*Exercise brief*:
Could every entry be set down once more, exactly as given?

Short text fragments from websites
_____

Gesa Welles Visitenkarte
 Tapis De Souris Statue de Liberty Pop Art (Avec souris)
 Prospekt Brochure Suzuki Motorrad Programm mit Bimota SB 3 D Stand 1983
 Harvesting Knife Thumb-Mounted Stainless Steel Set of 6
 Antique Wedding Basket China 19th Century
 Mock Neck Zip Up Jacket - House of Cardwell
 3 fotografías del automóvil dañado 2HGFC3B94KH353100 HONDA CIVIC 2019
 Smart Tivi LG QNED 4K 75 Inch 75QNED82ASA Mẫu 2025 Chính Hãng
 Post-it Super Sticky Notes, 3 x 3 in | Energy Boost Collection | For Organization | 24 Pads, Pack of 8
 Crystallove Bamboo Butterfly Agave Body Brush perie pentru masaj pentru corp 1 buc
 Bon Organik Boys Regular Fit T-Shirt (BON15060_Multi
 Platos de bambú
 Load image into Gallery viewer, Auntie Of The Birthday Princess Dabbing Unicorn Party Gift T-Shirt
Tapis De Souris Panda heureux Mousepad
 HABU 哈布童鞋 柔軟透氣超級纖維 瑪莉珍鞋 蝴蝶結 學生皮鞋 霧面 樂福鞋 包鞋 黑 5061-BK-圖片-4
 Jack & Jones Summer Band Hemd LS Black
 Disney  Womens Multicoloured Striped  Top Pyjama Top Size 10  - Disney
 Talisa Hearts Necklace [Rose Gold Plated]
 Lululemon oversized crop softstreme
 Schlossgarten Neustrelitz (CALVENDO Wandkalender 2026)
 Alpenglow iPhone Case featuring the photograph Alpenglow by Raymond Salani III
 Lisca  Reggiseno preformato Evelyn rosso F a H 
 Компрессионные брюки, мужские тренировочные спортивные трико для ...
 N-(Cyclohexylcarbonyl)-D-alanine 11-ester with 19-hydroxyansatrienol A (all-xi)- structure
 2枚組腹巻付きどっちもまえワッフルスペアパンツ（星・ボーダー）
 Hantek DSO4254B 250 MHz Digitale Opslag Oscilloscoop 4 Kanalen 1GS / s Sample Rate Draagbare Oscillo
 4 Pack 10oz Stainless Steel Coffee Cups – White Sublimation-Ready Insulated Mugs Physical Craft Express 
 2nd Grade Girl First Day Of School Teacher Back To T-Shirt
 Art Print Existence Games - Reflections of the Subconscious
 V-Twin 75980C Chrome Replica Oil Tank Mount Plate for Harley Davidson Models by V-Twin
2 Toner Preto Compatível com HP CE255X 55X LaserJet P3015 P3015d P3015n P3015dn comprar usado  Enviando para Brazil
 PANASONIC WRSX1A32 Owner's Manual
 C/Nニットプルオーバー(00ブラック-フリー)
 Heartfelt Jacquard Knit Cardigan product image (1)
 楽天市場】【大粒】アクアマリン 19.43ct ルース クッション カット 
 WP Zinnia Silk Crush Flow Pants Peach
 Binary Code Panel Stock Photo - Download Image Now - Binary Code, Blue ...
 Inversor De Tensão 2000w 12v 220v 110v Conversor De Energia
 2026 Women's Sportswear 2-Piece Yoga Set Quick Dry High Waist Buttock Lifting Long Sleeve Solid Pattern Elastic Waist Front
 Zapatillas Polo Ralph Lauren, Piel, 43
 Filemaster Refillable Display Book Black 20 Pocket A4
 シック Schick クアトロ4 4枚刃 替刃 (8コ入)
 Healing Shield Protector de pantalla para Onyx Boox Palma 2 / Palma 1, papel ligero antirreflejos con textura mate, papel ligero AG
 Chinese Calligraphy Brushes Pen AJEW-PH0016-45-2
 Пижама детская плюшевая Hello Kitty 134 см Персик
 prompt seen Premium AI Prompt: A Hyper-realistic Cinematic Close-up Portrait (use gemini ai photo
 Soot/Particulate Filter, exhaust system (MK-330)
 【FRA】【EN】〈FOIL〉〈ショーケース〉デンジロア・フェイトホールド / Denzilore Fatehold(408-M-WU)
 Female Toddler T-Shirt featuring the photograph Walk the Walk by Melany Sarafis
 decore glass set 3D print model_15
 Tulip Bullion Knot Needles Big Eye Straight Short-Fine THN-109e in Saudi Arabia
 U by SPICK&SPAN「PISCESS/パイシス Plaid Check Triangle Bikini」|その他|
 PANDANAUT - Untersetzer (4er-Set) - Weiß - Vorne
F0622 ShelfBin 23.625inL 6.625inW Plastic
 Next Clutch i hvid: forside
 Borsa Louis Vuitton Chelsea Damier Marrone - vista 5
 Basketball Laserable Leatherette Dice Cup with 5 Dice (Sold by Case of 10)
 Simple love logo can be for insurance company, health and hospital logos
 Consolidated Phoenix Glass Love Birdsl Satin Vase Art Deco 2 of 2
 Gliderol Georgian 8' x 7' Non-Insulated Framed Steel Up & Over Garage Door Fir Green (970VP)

_____

*Answer for the task*:
Gesa Welles Visitenkarte
 Tapis De Souris Statue de Liberty Pop Art (Avec souris)
 Prospekt Brochure Suzuki Motorrad Programm mit Bimota SB 3 D Stand 1983
 Harvesting Knife Thumb-Mounted Stainless Steel Set of 6
 Antique Wedding Basket China 19th Century
 Mock Neck Zip Up Jacket - House of Cardwell
 3 fotografías del automóvil dañado 2HGFC3B94KH353100 HONDA CIVIC 2019
 Smart Tivi LG QNED 4K 75 Inch 75QNED82ASA Mẫu 2025 Chính Hãng
 Post-it Super Sticky Notes, 3 x 3 in | Energy Boost Collection | For Organization | 24 Pads, Pack of 8
 Crystallove Bamboo Butterfly Agave Body Brush perie pentru masaj pentru corp 1 buc
 Bon Organik Boys Regular Fit T-Shirt (BON15060_Multi
 Platos de bambú
 Load image into Gallery viewer, Auntie Of The Birthday Princess Dabbing Unicorn Party Gift T-Shirt
Tapis De Souris Panda heureux Mousepad
 HABU 哈布童鞋 柔軟透氣超級纖維 瑪莉珍鞋 蝴蝶結 學生皮鞋 霧面 樂福鞋 包鞋 黑 5061-BK-圖片-4
 Jack & Jones Summer Band Hemd LS Black
 Disney  Womens Multicoloured Striped  Top Pyjama Top Size 10  - Disney
 Talisa Hearts Necklace [Rose Gold Plated]
 Lululemon oversized crop softstreme
 Schlossgarten Neustrelitz (CALVENDO Wandkalender 2026)
 Alpenglow iPhone Case featuring the photograph Alpenglow by Raymond Salani III
 Lisca  Reggiseno preformato Evelyn rosso F a H 
 Компрессионные брюки, мужские тренировочные спортивные трико для ...
 N-(Cyclohexylcarbonyl)-D-alanine 11-ester with 19-hydroxyansatrienol A (all-xi)- structure
 2枚組腹巻付きどっちもまえワッフルスペアパンツ（星・ボーダー）
 Hantek DSO4254B 250 MHz Digitale Opslag Oscilloscoop 4 Kanalen 1GS / s Sample Rate Draagbare Oscillo
 4 Pack 10oz Stainless Steel Coffee Cups – White Sublimation-Ready Insulated Mugs Physical Craft Express 
 2nd Grade Girl First Day Of School Teacher Back To T-Shirt
 Art Print Existence Games - Reflections of the Subconscious
 V-Twin 75980C Chrome Replica Oil Tank Mount Plate for Harley Davidson Models by V-Twin
2 Toner Preto Compatível com HP CE255X 55X LaserJet P3015 P3015d P3015n P3015dn comprar usado  Enviando para Brazil
 PANASONIC WRSX1A32 Owner's Manual
 C/Nニットプルオーバー(00ブラック-フリー)
 Heartfelt Jacquard Knit Cardigan product image (1)
 楽天市場】【大粒】アクアマリン 19.43ct ルース クッション カット 
 WP Zinnia Silk Crush Flow Pants Peach
 Binary Code Panel Stock Photo - Download Image Now - Binary Code, Blue ...
 Inversor De Tensão 2000w 12v 220v 110v Conversor De Energia
 2026 Women's Sportswear 2-Piece Yoga Set Quick Dry High Waist Buttock Lifting Long Sleeve Solid Pattern Elastic Waist Front
 Zapatillas Polo Ralph Lauren, Piel, 43
 Filemaster Refillable Display Book Black 20 Pocket A4
 シック Schick クアトロ4 4枚刃 替刃 (8コ入)
 Healing Shield Protector de pantalla para Onyx Boox Palma 2 / Palma 1, papel ligero antirreflejos con textura mate, papel ligero AG
 Chinese Calligraphy Brushes Pen AJEW-PH0016-45-2
 Пижама детская плюшевая Hello Kitty 134 см Персик
 prompt seen Premium AI Prompt: A Hyper-realistic Cinematic Close-up Portrait (use gemini ai photo
 Soot/Particulate Filter, exhaust system (MK-330)
 【FRA】【EN】〈FOIL〉〈ショーケース〉デンジロア・フェイトホールド / Denzilore Fatehold(408-M-WU)
 Female Toddler T-Shirt featuring the photograph Walk the Walk by Melany Sarafis
 decore glass set 3D print model_15
 Tulip Bullion Knot Needles Big Eye Straight Short-Fine THN-109e in Saudi Arabia
 U by SPICK&SPAN「PISCESS/パイシス Plaid Check Triangle Bikini」|その他|
 PANDANAUT - Untersetzer (4er-Set) - Weiß - Vorne
F0622 ShelfBin 23.625inL 6.625inW Plastic
 Next Clutch i hvid: forside
 Borsa Louis Vuitton Chelsea Damier Marrone - vista 5
 Basketball Laserable Leatherette Dice Cup with 5 Dice (Sold by Case of 10)
 Simple love logo can be for insurance company, health and hospital logos
 Consolidated Phoenix Glass Love Birdsl Satin Vase Art Deco 2 of 2
 Gliderol Georgian 8' x 7' Non-Insulated Framed Steel Up & Over Garage Door Fir Green (970VP)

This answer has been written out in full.